I’m stepping out there, really I am. Truth be told, I hate meeting new people. I still feel like I’m in 7th grade, but I know there is no other way to meet people and make friends than to just go out and be vulnerable.
Ava & I have been going to a young moms’ small group for about 5 months now (I think). Sometimes it feels pointless in going, she doesn’t play with other kids, she’s too tiny…she didn’t really play with toys until November…she can’t sit up on her own yet. The other kids come close to her and point and say “baby” and she gets knocked in the head and almost stepped on…but we go anyway.
It disrupts her schedule…it takes place a half hour after her naptime usually kicks in and sometimes she doesn’t get a good nap in on those days…but we go anyway.
I still don’t really have a connection with those other moms. They’re younger than me, and their babies are older than Ava, and they sound like nicer wives than I am…and they’re thinner, more comfortable, have better clothes, have better hair…but we go anyway.

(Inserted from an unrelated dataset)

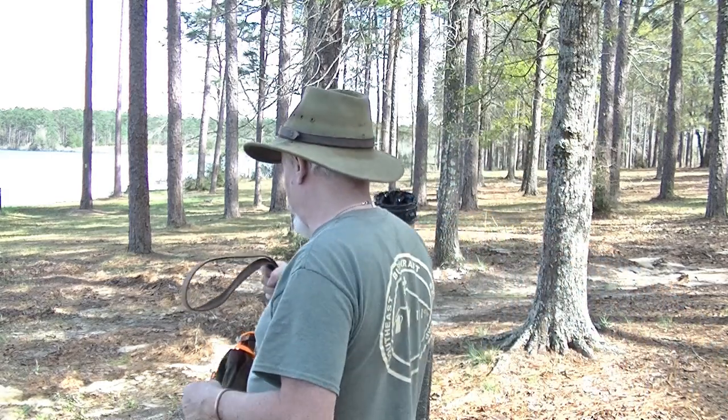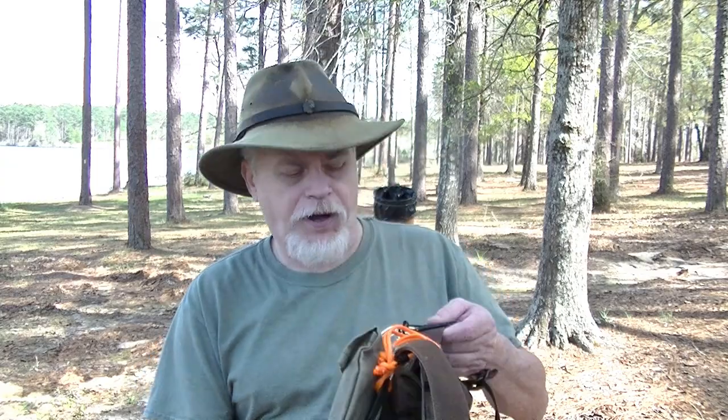All in all, it's the same bag with just some improvements. So now let me show you some of those improvements. Let's start with that grab handle and what it can be used for. Taking my grab handle, I'm taking two Alice clips — they were used for U.S. military Alice gear. There are tons of these available in surplus. If you've got an old Army canteen or something, this is probably on the back of it.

Because I miss what I used to have, who I used to know…and I don’t remember anymore the time when those friendships used to be new and uncomfortable. I don’t remember anymore that I didn’t always trust Nicole and Cherie and Laura and Kathy and Debbie. I don’t remember anymore what it felt like to meet Cherie and say that I didn’t hug people the first time I met them. I don’t remember anymore that when I first met Nicole that I couldn’t tell her apart from her sister Michelle and she’d just gotten her license. I don’t remember holding Debbie’s daughter when she was barely a week old and I didn’t even know Debbie’s name.
I do remember that they’re still there…a thousand miles away…and most of them are home with their babies during the day. If I remember, I can make a pot of coffee and drink mine way over here, while they’re way over there and we talk on the phone. I remember that they are important to me…I remember who we were together before we were mommies. I remember that we once kicked some serious demon %^$^& and we knew who we were…
Someday, in the next phase, I’ll look back at this moment and know who I was…but right now, I don’t know who I am…and I don’t know who my friends are anymore, but I do know that this is a temporary feeling and next year the risks and the vulnerability will have paid off. Right now, it just feels very expensive.
2 Comments to
“You Can Pick Your Friends…”
- On January 10th, 2009 at 9:40 am sara kay Says:Lea, we don’t really know each other except by blogs, but I wanted to say, in case it helps, that I felt exactly the same way after my first baby. It caused a crisis of my entire identity. My Hannah was about 10 months when I started the play group at my house, and I was absolutely terrified. It was all I could do to speak up and ask people if they had any prayer requests and then pray for somebody. But I had no friends – all of my friends not only didn’t have children, most of them weren’t even dating anyone. I had to do something! And I have seen God bless the risk I took with more wonderful friendships than I could have imagined. I pray the same will happen for you!
- On January 14th, 2009 at 10:01 pm booty Says:Let me say that I appreciate your honesty. I worry because I don’t make friends easily, I don’t hug on first meeting and being vulnerable isn’t my strongest quality. My friends are all older with either grown children or no possibility for children. I hope it gets better. It’s not about how pretty or thin or what kind of wife you are because you do well in all those things. I have to pray that it will all come to you and you will indeed look back at this and know that it was you all along. Love you Lea.